Interinos sin fronteras
Si algún día fundo una ONG la llamaré así. Desde principio de semana en el zulo dónde vivo somos tres interinos. Hace poco llegó a mi instituto una interina de Alicante. Como buscó sitio para vivir y no encontró nada decente la hemos adoptado y ahora mismo ocupa las dos habitaciones que quedaban libres en el zulo (en una duerme y en la otra amontona sus toneladas de pertenencias).

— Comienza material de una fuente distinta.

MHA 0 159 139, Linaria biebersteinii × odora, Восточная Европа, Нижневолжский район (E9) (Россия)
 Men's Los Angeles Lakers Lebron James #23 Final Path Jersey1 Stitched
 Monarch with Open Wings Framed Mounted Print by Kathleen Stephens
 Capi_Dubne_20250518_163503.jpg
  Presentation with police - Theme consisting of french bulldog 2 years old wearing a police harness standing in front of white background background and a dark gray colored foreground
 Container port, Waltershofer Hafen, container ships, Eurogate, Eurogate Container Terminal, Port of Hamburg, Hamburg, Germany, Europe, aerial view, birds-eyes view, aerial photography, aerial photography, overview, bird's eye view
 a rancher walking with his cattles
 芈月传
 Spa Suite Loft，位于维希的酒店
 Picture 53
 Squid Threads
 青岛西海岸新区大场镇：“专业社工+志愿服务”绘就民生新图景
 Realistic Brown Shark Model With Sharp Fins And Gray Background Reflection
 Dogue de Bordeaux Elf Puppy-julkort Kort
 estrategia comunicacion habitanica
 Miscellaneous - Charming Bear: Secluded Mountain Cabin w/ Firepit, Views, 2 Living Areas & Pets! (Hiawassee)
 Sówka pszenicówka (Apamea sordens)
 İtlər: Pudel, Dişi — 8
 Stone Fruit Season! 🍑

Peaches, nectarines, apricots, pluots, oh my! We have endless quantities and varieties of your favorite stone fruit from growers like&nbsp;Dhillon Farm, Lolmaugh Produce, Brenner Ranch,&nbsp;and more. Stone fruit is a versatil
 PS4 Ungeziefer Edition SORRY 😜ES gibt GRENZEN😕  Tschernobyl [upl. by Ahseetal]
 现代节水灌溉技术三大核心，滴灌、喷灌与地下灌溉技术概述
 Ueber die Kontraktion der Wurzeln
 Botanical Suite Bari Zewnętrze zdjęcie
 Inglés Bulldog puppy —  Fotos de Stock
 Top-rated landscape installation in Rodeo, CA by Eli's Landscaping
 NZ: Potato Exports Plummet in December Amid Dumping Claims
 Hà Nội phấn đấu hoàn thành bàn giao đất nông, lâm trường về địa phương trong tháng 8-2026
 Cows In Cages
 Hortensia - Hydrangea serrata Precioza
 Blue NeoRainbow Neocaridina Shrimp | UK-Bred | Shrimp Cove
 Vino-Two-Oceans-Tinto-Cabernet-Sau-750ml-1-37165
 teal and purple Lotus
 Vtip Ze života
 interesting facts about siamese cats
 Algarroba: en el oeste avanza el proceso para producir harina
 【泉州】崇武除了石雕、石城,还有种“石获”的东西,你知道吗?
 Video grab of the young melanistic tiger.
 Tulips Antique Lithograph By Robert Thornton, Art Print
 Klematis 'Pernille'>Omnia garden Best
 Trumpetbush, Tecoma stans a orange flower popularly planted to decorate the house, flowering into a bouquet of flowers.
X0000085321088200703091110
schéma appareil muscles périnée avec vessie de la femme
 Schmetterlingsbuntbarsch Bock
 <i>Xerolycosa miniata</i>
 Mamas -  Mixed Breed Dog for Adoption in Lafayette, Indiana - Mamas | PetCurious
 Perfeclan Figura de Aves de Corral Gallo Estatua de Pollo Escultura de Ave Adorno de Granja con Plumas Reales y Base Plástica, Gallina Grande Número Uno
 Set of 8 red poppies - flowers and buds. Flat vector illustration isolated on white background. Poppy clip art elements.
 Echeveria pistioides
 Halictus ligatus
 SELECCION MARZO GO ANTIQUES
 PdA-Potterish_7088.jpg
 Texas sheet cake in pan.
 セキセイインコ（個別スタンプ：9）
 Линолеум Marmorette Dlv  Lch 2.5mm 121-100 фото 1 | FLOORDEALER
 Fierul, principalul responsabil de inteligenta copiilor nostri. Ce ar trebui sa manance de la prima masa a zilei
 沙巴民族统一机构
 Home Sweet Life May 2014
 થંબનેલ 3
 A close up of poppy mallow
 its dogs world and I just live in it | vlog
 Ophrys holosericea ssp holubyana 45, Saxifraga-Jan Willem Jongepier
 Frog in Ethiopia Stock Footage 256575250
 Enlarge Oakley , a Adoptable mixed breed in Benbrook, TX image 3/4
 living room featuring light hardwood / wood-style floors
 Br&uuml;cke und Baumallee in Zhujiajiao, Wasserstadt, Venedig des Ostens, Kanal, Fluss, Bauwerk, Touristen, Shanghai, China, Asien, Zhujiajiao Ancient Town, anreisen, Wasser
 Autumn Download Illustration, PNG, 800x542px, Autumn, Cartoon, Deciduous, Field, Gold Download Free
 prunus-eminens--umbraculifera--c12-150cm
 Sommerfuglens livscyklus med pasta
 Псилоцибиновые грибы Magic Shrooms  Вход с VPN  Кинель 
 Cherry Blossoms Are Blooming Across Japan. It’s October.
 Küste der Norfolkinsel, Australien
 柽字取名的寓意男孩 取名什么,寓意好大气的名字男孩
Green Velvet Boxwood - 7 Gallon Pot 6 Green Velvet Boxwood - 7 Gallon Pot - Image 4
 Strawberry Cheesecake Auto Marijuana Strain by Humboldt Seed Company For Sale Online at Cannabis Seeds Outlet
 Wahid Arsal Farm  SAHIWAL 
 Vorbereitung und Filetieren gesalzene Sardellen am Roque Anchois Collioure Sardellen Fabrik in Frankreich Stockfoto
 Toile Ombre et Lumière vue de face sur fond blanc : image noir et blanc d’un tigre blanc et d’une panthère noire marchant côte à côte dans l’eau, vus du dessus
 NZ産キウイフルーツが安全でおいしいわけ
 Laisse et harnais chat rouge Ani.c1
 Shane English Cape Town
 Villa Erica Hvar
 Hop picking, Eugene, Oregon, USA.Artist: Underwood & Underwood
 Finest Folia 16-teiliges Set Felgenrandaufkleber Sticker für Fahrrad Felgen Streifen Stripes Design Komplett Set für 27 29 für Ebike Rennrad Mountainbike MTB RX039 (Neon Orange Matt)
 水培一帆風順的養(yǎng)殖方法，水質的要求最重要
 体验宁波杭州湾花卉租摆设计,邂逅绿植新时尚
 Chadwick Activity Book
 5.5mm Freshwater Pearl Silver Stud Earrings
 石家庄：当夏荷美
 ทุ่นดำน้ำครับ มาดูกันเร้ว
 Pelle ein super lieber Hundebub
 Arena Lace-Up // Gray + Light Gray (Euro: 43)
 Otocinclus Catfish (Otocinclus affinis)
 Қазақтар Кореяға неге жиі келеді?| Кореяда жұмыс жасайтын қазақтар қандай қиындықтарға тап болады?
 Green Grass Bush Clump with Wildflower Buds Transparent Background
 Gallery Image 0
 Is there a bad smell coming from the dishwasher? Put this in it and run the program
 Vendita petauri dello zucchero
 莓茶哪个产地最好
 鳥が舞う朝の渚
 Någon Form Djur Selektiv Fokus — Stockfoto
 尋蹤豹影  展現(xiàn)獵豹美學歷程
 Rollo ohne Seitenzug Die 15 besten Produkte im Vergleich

Aunque ella es de educación infantil se presentó a las oposiciones de primaria y la han enviado a sustituir a una profesora de primaria desplazada a mi instituto. Esto es posible debido a que cuando se implantó la LOGSE la administración se encontró con demasiados profesores de primaria ya que se pasó de los ocho cursos de la antigua EGB a los seis del actual sistema. Ante esta situación los dirigentes políticos optaron por la solución obvia, escurrir el bulto, así que capacitaron a algunos profesores de primaria para dar clases en el primer ciclo de la ESO. No pasa nada ya que están perfectamente capacitados para hacerlo, pero claro cuando se dan de baja envían a un profesor de primaria al instituto. En general los interinos somos gente con poca experiencia (en el caso de mi compañera, nula) así que la situación puede ser difícil. Y si resulta que además te toca sustituir a la profesora de valenciano siendo que tú apenas lo hablas aunque hayas conseguido el título de mestre en valencià gracias a un par de optativas que cursaste en una carrera tan difícil como es magisterio los problemas se agravan. Y si llegas justo en la semana de exámenes y te tienes que corregir de un día para otro los exámenes y los controles sobre los libros de lectura de 120 alumnos acabas bastante estresado. Bueno y si a pesar de que tienes veintiocho años es la primera vez que sales de tu casa la situación puede ser traumática.
Así que en esas estamos, animándole como se puede. Ayer estuvimos más de cuatro horas de terapia en la que ella nos contaba sus penas y nosotros le dábamos soluciones, acabé con la garganta en carne viva.
Después de tanta psicoterapia he llegado a una conclusión. Sí, no es el debut ideal para dar clases, pero hay que saber adaptarse a la situación. Si tú esperas angelitos de tres años y te encuentras las bestias pardas de doce que pululan por mi instituto, que no son mala gente aunque brutos y cortos como pocos te puede causar algo de impacto. Ella no ha sabido imponer disciplina desde el principio y los niños se toman su clase a cachondeo. Se queja de que se levantan en mitad de la clase y se ponen a escribir en la pizarra, que se tiran trozos de tiza o el borrador o de que le han abierto el bolso y han rebuscado en sus cosas. Cuando yo le dije que debería expulsar al que lo hiciera para que se diera cuenta que hay ciertos comportamientos que no se deben tolerar en clase enseguida mi compañero de piso (otro profesor de primaria) dijo que esa no es la solución, que el camino está en el diálogo. Tal vez a un niño de ocho años se le pueda convencer que no está bien que se levante en medio de clase, pero a un niño de doce años se le presupone un cierto nivel de civilización que le haga comprender por si mismo que comportamientos puede tener dentro de un aula. Y claro que los tienen, si ellos saben perfectamente lo que deben y no deben hacer, pero claro si les das la mano ellos te agarran hasta el codo.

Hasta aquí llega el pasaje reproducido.